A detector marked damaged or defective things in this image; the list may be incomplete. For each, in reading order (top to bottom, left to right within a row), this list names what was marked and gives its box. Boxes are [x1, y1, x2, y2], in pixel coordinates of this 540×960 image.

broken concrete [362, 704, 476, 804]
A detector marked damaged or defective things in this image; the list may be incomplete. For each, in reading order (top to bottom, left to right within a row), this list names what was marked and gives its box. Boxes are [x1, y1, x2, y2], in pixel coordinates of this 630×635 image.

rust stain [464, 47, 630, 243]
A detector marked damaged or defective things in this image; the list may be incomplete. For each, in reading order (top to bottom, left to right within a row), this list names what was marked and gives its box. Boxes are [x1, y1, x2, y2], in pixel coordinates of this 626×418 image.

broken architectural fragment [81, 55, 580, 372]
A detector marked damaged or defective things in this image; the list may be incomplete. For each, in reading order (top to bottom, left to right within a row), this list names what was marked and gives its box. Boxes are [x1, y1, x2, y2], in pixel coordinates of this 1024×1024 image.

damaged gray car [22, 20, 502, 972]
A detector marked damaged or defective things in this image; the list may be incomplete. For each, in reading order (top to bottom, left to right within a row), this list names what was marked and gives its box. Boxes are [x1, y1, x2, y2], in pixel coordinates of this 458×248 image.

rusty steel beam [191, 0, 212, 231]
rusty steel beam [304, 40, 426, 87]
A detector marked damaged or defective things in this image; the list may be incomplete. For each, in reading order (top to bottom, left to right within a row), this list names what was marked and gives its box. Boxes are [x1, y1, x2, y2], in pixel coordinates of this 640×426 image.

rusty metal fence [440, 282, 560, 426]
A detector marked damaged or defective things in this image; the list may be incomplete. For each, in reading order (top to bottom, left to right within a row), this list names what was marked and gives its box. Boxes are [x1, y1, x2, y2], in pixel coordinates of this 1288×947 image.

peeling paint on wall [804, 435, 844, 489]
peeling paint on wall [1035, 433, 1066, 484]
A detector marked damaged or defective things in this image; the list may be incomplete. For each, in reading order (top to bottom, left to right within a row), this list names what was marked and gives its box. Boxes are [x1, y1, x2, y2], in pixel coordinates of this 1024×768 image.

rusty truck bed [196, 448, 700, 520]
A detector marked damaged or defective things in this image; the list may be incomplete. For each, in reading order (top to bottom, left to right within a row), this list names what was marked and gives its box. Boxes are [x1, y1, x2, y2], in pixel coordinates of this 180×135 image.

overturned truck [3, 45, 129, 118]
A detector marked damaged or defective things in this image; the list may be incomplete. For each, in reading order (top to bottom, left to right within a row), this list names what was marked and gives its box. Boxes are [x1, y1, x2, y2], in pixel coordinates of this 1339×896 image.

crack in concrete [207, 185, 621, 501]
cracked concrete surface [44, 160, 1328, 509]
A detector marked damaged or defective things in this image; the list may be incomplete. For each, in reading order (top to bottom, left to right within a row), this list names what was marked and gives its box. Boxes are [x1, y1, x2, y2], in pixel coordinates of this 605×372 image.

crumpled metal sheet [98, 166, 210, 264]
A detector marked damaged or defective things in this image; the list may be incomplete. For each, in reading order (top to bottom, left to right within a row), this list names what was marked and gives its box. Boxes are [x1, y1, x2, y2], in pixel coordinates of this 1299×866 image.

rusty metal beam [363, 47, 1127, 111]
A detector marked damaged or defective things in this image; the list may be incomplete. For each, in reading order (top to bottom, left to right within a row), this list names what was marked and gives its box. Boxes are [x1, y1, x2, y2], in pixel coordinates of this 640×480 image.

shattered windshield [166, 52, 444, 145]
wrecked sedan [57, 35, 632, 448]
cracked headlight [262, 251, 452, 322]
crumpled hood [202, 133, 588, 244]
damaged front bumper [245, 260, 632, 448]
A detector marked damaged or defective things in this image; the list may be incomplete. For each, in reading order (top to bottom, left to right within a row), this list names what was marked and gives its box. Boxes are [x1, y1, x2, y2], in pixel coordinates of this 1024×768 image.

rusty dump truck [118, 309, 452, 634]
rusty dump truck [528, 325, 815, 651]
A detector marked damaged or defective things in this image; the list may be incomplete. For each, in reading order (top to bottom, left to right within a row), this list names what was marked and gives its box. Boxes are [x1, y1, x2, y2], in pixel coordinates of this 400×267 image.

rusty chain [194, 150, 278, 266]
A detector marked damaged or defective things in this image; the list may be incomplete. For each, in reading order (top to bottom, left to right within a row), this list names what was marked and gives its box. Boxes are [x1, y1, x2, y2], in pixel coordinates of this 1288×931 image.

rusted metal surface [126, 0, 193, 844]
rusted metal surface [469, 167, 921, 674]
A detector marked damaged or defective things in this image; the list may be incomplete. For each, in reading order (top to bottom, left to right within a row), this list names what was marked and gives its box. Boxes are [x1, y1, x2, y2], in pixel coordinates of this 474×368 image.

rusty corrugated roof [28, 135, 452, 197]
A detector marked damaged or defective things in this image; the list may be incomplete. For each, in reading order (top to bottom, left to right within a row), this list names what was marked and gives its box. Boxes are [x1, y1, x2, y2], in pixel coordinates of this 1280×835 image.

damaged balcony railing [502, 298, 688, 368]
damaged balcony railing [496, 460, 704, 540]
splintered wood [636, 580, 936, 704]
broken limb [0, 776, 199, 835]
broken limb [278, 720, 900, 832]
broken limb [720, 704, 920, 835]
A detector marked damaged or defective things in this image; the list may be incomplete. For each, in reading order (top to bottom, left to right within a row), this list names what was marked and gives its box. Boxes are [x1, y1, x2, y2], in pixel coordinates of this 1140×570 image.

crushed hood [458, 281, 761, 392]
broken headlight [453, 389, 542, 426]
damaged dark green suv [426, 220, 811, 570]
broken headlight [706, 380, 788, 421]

YOUR INSTRUCTIONS: The answer should be the full listing, repeated without any change.

RESULT OF THIS TASK:
A detector marked damaged or defective things in this image; the list may be incomplete. For each, in reading order (top to bottom, left to right within a row), this list names what was marked and gives its box. Boxes are [x1, y1, x2, y2], in pixel coordinates of this 540×960 image.

broken concrete [362, 704, 476, 804]
A detector marked damaged or defective things in this image; the list may be incomplete. For each, in reading order (top to bottom, left to right within a row), this list names what was marked and gives its box. Boxes are [x1, y1, x2, y2], in pixel coordinates of this 630×635 image.

rust stain [464, 47, 630, 243]
A detector marked damaged or defective things in this image; the list may be incomplete. For each, in reading order (top to bottom, left to right within a row), this list names what was marked and gives its box. Boxes are [x1, y1, x2, y2], in pixel coordinates of this 626×418 image.

broken architectural fragment [81, 55, 580, 372]
A detector marked damaged or defective things in this image; the list may be incomplete. For each, in reading order (top to bottom, left to right within a row), this list names what was marked and gives its box. Boxes are [x1, y1, x2, y2], in pixel coordinates of this 1024×1024 image.

damaged gray car [22, 20, 502, 972]
A detector marked damaged or defective things in this image; the list may be incomplete. For each, in reading order (top to bottom, left to right within a row), this list names what was marked and gives its box. Boxes are [x1, y1, x2, y2], in pixel coordinates of this 458×248 image.

rusty steel beam [191, 0, 212, 231]
rusty steel beam [304, 40, 426, 87]
A detector marked damaged or defective things in this image; the list may be incomplete. For each, in reading order (top to bottom, left to right within a row), this list names what was marked and gives its box. Boxes are [x1, y1, x2, y2], in pixel coordinates of this 640×426 image.

rusty metal fence [440, 282, 560, 426]
A detector marked damaged or defective things in this image; the list may be incomplete. For each, in reading order (top to bottom, left to right within a row), this list names what was marked and gives its box. Boxes are [x1, y1, x2, y2], in pixel coordinates of this 1288×947 image.

peeling paint on wall [804, 435, 844, 489]
peeling paint on wall [1035, 433, 1066, 484]
A detector marked damaged or defective things in this image; the list may be incomplete. For each, in reading order (top to bottom, left to right within a row), this list names what was marked and gives its box. Boxes are [x1, y1, x2, y2], in pixel coordinates of this 1024×768 image.

rusty truck bed [196, 448, 700, 520]
A detector marked damaged or defective things in this image; the list may be incomplete. For each, in reading order (top to bottom, left to right within a row), this list names what was marked and gives its box. Boxes are [x1, y1, x2, y2], in pixel coordinates of this 180×135 image.

overturned truck [3, 45, 129, 118]
A detector marked damaged or defective things in this image; the list may be incomplete. For each, in reading order (top to bottom, left to right within a row), this list names what was marked and gives its box. Boxes are [x1, y1, x2, y2], in pixel coordinates of this 1339×896 image.

crack in concrete [207, 185, 621, 501]
cracked concrete surface [44, 160, 1328, 509]
A detector marked damaged or defective things in this image; the list may be incomplete. For each, in reading order (top to bottom, left to right within a row), this list names what was marked and gives its box. Boxes are [x1, y1, x2, y2], in pixel coordinates of this 605×372 image.

crumpled metal sheet [98, 166, 210, 264]
A detector marked damaged or defective things in this image; the list may be incomplete. For each, in reading order (top to bottom, left to right within a row), this list names what was marked and gives its box. Boxes are [x1, y1, x2, y2], in pixel coordinates of this 1299×866 image.

rusty metal beam [363, 47, 1127, 111]
A detector marked damaged or defective things in this image; the list may be incomplete. For each, in reading order (top to bottom, left to right within a row), this list names what was marked and gives its box. Boxes are [x1, y1, x2, y2], in pixel coordinates of this 640×480 image.

shattered windshield [166, 52, 444, 145]
wrecked sedan [57, 35, 632, 448]
cracked headlight [262, 251, 452, 322]
crumpled hood [202, 133, 588, 244]
damaged front bumper [245, 260, 632, 448]
A detector marked damaged or defective things in this image; the list may be incomplete. For each, in reading order (top to bottom, left to right within a row), this list names what was marked and gives its box. Boxes are [x1, y1, x2, y2], in pixel coordinates of this 1024×768 image.

rusty dump truck [118, 309, 452, 634]
rusty dump truck [528, 325, 815, 651]
A detector marked damaged or defective things in this image; the list may be incomplete. For each, in reading order (top to bottom, left to right within a row), this list names what was marked and gives its box. Boxes are [x1, y1, x2, y2], in pixel coordinates of this 400×267 image.

rusty chain [194, 150, 278, 266]
A detector marked damaged or defective things in this image; the list may be incomplete. For each, in reading order (top to bottom, left to right within a row), this list names what was marked and gives its box. Boxes are [x1, y1, x2, y2], in pixel coordinates of this 1288×931 image.

rusted metal surface [126, 0, 193, 844]
rusted metal surface [469, 167, 921, 674]
A detector marked damaged or defective things in this image; the list may be incomplete. For each, in reading order (top to bottom, left to right within a row), this list names what was marked and gives its box. Boxes are [x1, y1, x2, y2], in pixel coordinates of this 474×368 image.

rusty corrugated roof [28, 135, 452, 197]
A detector marked damaged or defective things in this image; the list may be incomplete. For each, in reading order (top to bottom, left to right within a row), this list names what was marked and gives its box. Boxes are [x1, y1, x2, y2], in pixel coordinates of this 1280×835 image.

damaged balcony railing [502, 298, 688, 368]
damaged balcony railing [496, 460, 704, 540]
splintered wood [636, 580, 936, 704]
broken limb [0, 776, 199, 835]
broken limb [278, 720, 900, 832]
broken limb [720, 704, 920, 835]
A detector marked damaged or defective things in this image; the list may be incomplete. For each, in reading order (top to bottom, left to right within a row), this list names what was marked and gives its box. Boxes are [x1, y1, x2, y2], in pixel coordinates of this 1140×570 image.

crushed hood [458, 281, 761, 392]
broken headlight [453, 389, 542, 426]
damaged dark green suv [426, 220, 811, 570]
broken headlight [706, 380, 788, 421]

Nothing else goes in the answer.